Should You Use Gemini 3.5?

For app users the question mostly answers itself, the free tier reaches Gemini 3.6 Flash and you get the 1M-token context window at no cost. For developers the honest recommendation is to skip gemini-3.5-flash and call gemini-3.6-flash instead, since it carries the same $1.50 input price, produces about 17% fewer output tokens, and bills output at $7.50 rather than $9.00. Reach for gemini-3.1-pro-preview only when you need the deepest reasoning. And do not build a plan around Gemini 3.5 Pro arriving on a given date, because Google has not attached one to it.

FAQ

When did Gemini 3.5 release?

Gemini 3.5 Flash launched on May 19, 2026 at Google I/O 2026. It was the first model in the Gemini 3.5 family and became the free-tier model in the Gemini app. Gemini 3.5 Pro, announced the same day, has still not shipped.

Is Gemini 3.5 free?

Gemini 3.5 Flash was the free-tier model in the Gemini app from May 2026. Google’s plans page now reads “Access to 3.6 Flash” for the free tier, so free users reach the newer model. Developers calling gemini-3.5-flash pay $1.50 per million input tokens and $9.00 per million output tokens.

Is Gemini 3.5 Flash better than Gemini 3.1 Pro?

On coding and agentic benchmarks, yes. It beats Gemini 3.1 Pro on Terminal-Bench 2.1, MCP Atlas, and GDPval-AA while running about 4x faster. Gemini 3.1 Pro still leads on the hardest pure-reasoning tests.

When is Gemini 3.5 Pro coming out?

Google has not given a date. Pichai announced it at I/O on May 19, 2026 for the following month, and on July 21, 2026 Google said only that it is “currently testing with partners”. Bloomberg reported on July 16 that it is months behind schedule after a late-June training-data update fell short on coding. The 2M-token context window and Deep Think specs circulating online are unconfirmed.

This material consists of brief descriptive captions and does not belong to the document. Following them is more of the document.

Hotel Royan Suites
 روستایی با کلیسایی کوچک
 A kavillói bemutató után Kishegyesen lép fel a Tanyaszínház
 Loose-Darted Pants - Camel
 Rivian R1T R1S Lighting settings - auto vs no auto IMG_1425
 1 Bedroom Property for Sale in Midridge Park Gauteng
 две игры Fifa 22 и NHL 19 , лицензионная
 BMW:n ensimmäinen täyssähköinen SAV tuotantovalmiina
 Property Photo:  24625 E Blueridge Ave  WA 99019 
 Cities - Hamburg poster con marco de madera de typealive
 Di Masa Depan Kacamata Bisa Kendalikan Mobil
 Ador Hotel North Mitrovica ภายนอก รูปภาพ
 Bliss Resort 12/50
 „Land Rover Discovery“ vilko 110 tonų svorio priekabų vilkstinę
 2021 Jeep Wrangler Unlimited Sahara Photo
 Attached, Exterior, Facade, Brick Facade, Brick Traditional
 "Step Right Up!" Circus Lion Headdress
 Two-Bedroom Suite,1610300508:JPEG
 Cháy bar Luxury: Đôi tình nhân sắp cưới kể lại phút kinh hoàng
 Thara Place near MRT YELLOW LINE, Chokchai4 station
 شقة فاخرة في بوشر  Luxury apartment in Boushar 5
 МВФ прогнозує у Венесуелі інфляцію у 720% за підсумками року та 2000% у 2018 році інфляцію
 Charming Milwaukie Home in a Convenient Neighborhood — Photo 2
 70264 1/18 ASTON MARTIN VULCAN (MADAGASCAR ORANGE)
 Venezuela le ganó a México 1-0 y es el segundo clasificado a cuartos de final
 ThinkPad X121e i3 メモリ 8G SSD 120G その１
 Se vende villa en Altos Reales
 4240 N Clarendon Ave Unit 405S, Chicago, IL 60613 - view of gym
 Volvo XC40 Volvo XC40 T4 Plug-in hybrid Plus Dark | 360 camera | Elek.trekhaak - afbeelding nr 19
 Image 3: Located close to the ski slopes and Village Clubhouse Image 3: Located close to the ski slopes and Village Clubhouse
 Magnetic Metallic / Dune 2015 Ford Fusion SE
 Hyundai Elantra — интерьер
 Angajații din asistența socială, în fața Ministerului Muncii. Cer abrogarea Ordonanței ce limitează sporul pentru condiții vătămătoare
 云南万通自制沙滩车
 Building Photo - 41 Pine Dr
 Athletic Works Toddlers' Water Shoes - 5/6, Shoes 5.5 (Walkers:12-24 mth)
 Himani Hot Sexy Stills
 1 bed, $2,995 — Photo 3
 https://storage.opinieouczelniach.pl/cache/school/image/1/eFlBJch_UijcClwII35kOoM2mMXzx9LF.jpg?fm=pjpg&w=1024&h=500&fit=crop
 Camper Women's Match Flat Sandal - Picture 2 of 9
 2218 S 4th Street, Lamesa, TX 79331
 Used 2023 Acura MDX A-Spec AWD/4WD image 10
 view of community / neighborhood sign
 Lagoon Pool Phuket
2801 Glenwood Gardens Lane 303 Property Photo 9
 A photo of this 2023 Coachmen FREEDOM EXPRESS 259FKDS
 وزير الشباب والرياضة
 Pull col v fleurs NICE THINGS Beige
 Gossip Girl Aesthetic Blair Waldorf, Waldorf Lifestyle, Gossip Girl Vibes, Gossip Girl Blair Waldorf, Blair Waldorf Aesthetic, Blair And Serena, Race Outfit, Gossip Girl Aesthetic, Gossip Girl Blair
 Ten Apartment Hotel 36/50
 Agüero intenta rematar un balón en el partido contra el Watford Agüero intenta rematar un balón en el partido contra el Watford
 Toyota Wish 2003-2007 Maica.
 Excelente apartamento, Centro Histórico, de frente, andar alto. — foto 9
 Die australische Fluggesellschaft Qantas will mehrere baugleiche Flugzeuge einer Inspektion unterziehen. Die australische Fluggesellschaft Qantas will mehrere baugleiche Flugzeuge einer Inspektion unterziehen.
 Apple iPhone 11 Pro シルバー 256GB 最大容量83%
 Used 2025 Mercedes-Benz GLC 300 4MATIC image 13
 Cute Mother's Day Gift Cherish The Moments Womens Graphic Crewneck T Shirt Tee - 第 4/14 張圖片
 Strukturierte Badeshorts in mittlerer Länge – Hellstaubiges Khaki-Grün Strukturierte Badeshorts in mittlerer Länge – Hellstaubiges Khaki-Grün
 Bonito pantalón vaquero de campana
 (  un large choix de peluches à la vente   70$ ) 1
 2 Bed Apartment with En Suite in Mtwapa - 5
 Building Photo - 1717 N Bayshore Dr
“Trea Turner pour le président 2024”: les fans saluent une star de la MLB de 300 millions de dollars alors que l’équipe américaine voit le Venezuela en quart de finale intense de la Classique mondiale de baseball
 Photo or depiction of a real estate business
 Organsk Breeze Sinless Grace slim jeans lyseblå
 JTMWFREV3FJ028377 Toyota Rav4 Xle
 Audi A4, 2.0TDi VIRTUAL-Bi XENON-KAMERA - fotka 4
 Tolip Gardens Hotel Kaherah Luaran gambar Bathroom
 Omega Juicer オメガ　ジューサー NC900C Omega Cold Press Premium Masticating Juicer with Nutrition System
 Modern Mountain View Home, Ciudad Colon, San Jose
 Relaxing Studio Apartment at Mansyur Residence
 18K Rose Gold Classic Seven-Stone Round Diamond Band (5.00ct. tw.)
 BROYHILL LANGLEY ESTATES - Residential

Did Gemini 3.5 Pro miss a July 17 launch?

No. Google never set a July 17 date. That claim, along with the reports of a Vertex AI preview and a scrapped base model, comes from AI commentary channels and aggregator blogs rather than from Google or Bloomberg. Google’s only stated position is that Gemini 3.5 Pro is testing with partners.

What is Gemini Spark?

Gemini Spark is a 24/7 personal AI agent powered by Gemini 3.5 Flash. It handles recurring tasks in the background and rolled out to trusted testers first, with a Beta for Google AI Ultra subscribers in the US.